What to produce
The required output is the exact run of lines in the listing below from the line holding "Surah Al Kahf Muzammil 스크린샷 1" through the line holding "Υπόθεση καθηγητή με", with no pictures.

### Information supplied ###

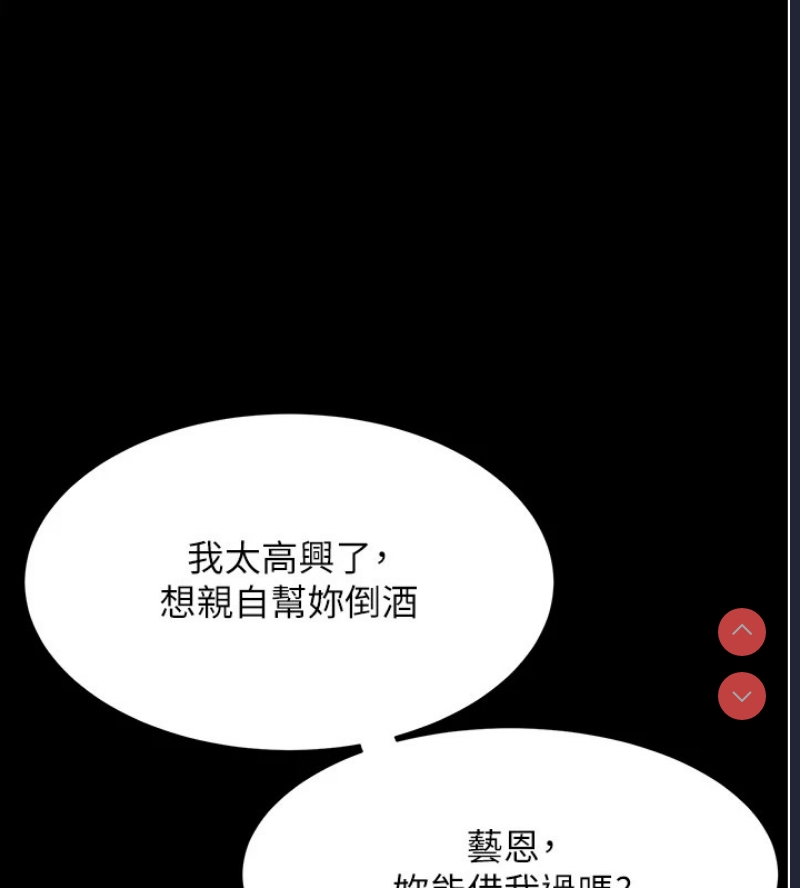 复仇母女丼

###
### Information supplied ###

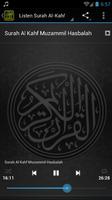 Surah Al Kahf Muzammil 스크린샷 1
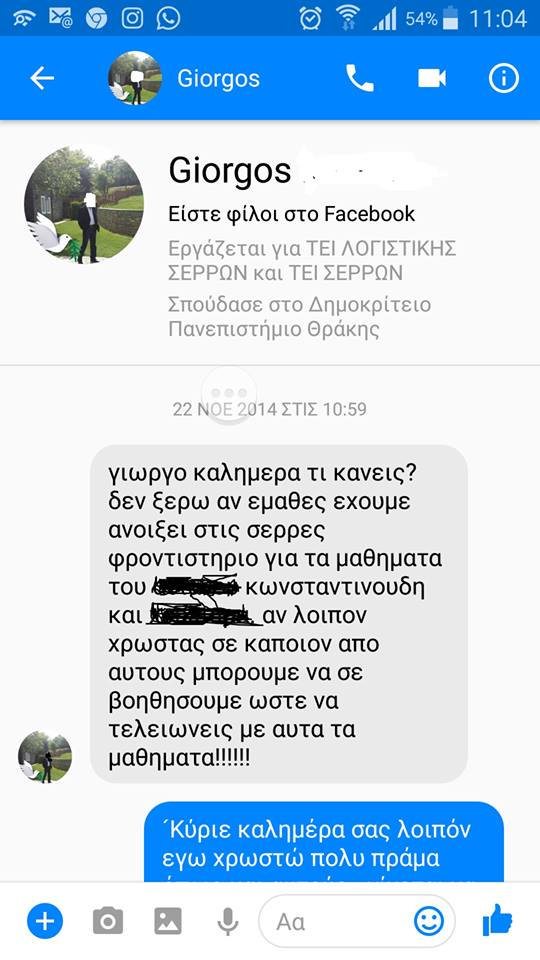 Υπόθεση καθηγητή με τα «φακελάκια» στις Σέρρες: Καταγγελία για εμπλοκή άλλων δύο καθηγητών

###

Answer to this exercise
 Surah Al Kahf Muzammil 스크린샷 1
 Υπόθεση καθηγητή με τα «φακελάκια» στις Σέρρες: Καταγγελία για εμπλοκή άλλων δύο καθηγητών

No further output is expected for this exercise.